A dinner reservation at the Broadmoor Bistro in Overland Park, Kansas, is a popular one. Showcasing a Farm to Table initiative from field to plate, the restaurant serves up tomatoes, sweet potatoes, carrots, peppers and micro greens grown at the Broadmoor Urban Farm, and diners can also order pasta or rotating flatbread wood-fire pizzas, among other menu items.
The staff is dedicated, says Matthew Ziegenhorn, who adds that professionalism is key. After all, their work is being graded: The student-run Broadmoor Bistro is located inside the Shawnee Mission School District’s Center for Academic Achievement.
Ziegenhorn, entrepreneurial leadership instructor for the Shawnee Mission School District, says the best part of his job is watching students first enter the program who may not have been the perfect scholar in class, but who now feel driven and challenged.
“When I see the switch get flipped, it’s pretty incredible,” Ziegenhorn says. “A student is brought in that hasn’t been successful in the classroom before and is now getting that grit and determination and challenging themselves every week to be a little bit better.”
Academic skills from algebra to essay writing are taught across high schools every day. But soft skills can be just as critical to students' ability to succeed, whether they’re heading off to college or launching their career path after graduation.
At student-run cafes and restaurants across the country, school district programs are helping learners develop these tools — from the patience required to handle a frustrated customer and the teamwork to pull off meals to the problem-solving needed when people call in sick or a night’s dinner seating is fully booked.
At these cafes and restaurants, students walk away with some crucial life skills that may serve them as aptly as the research, data analysis and reading comprehension skills they build in the classroom.
Understanding basics, from cooking to courtesy
Ziegenhorn knows that every student who comes through the program won't work in a restaurant, but what they do learn are some of the basic skills that benefit nearly any adult: knowing how to prepare meals on their own.
“Our founder said, ‘Maybe I don’t need everyone to run a restaurant, but to know they can cook and grow their own food,’” says Ziegenhorn.
Students can start as early as 10th grade in the culinary arts program, says Ziegenhorn. Classes include culinary arts, commercial baking and an internship that allows students to work in the restaurant, says Ziegenhorn.
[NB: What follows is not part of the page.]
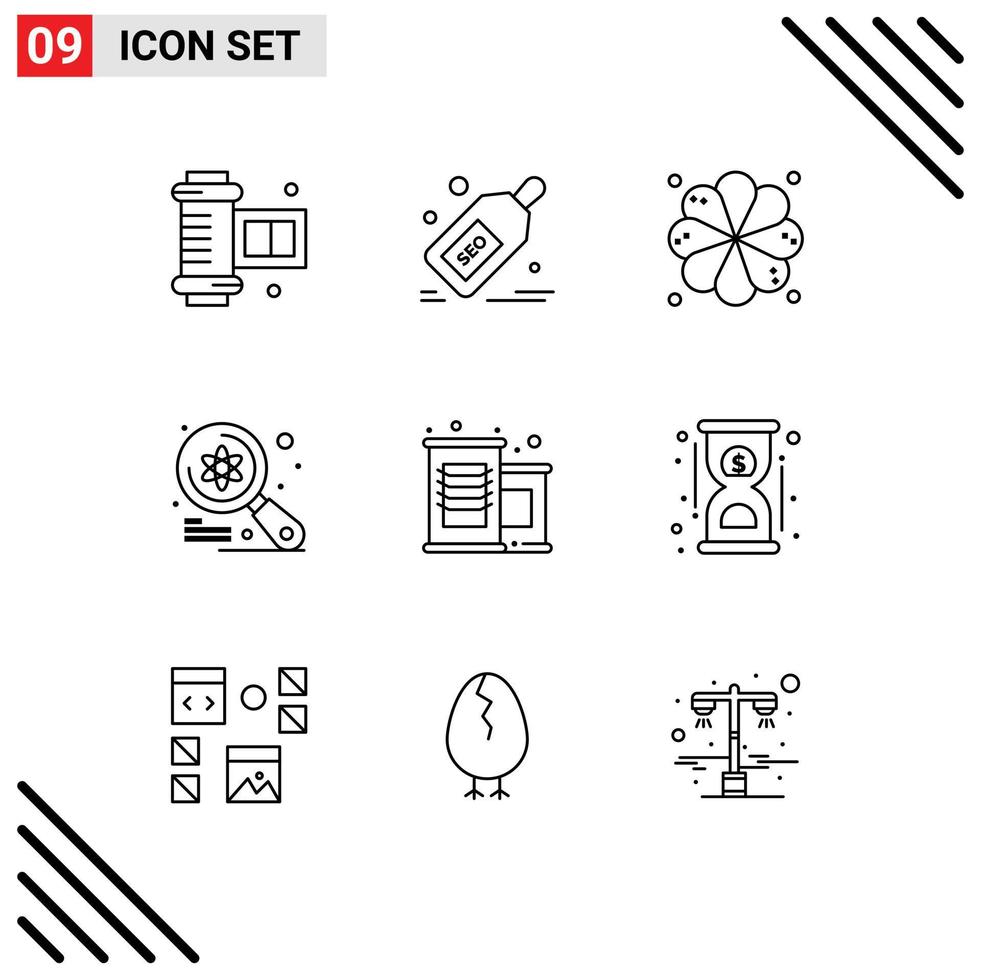 Group of 9 Outlines Signs and Symbols for supermarket search plumeria science examine Editable Vector Design Elements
The latter track also instills that each student treats diners with courtesy, politeness and respect.
“I’m driving home that these are more than customers, these are guests,” he says.
Mastering soft skills
At Centennial High School in Corona, California, culinary arts teacher Tiffany Fujita is also focused on the soft skills students gain through the three-year culinary arts pathway and the time they may spend working at Café 10, a student-run eatery on campus. Among those skills: the ability to lead a group of people and to handle constructive criticism central to any job.
“A lot of kids don’t handle constructive criticism, fix a mistake and move forward,” Fujita says. “They may not like how that person talked to them, but regardless of the field you’re in, there are challenges, and so they’re leaving with skills they can use anywhere.”
While students aren't paid for their work, they gain experience for their resume. That includes practical skills such as the proper temperature for storing food and management skills like tracking inventory, so diners can count on a cup of coffee every morning.
Fujita says the cafe was open four days a week for breakfast and three days a week for lunch to staff who come to buy lattes, hot chocolates, scones, breakfast sandwiches and more. During lunch, they may come in for a cheeseburger, a veggie burger or a chicken sandwich with options that include a chipotle aioli, which Fujita says “our staff goes crazy for.”
Ultimately, Fujita says that she feels the students walk away with self-assurance to go forward with the pathways they choose for themselves.
“Teaching them those sorts of things has given them the confidence to get a job,” Fujita says. “They say, ‘I know how to do this. I’ve been doing it for the last year.'”
Learning employability
Michael Szalkowski, a graduate of The Culinary Institute of America, says what his students walk away with from helping to run The Executive Grille at East Tech Campus in Ohio's Cleveland Metropolitan School District, are life skills that include knowing how to cook for their family and the tools to find — and hold onto — a solid job one day.
Szalkowski, one of the program’s culinary instructors, says that while students tend to lean on texting to communicate with peers, The Executive Grille requires them to learn how to interact with people face-to-face, picking up on social cues, body presence and body language.
“It’s the most important soft skill I can give them,” he says.
The restaurant, which Szalkowski says has a “great fan base,” is open to the public two days a week. There is a standard menu and a special weekly menu, which can include fried catfish with greens one week or tamales the next. Students learn how to work each of the different stations, which include sautéing, grilling, training on the point of sale machine, and taking turns sweeping, mopping and doing laundry.
Szalkowski says he has heard from some students who say he was hard on them during the program, but they now get the life lessons he was teaching.
“Once you give them a pastry bag and knife and cutting board, you see the light go on, and they’re interested in learning,” he says. “You know that kid is coming to school every day where they haven’t before, because he doesn’t want to miss class. It’s a community that comes together.”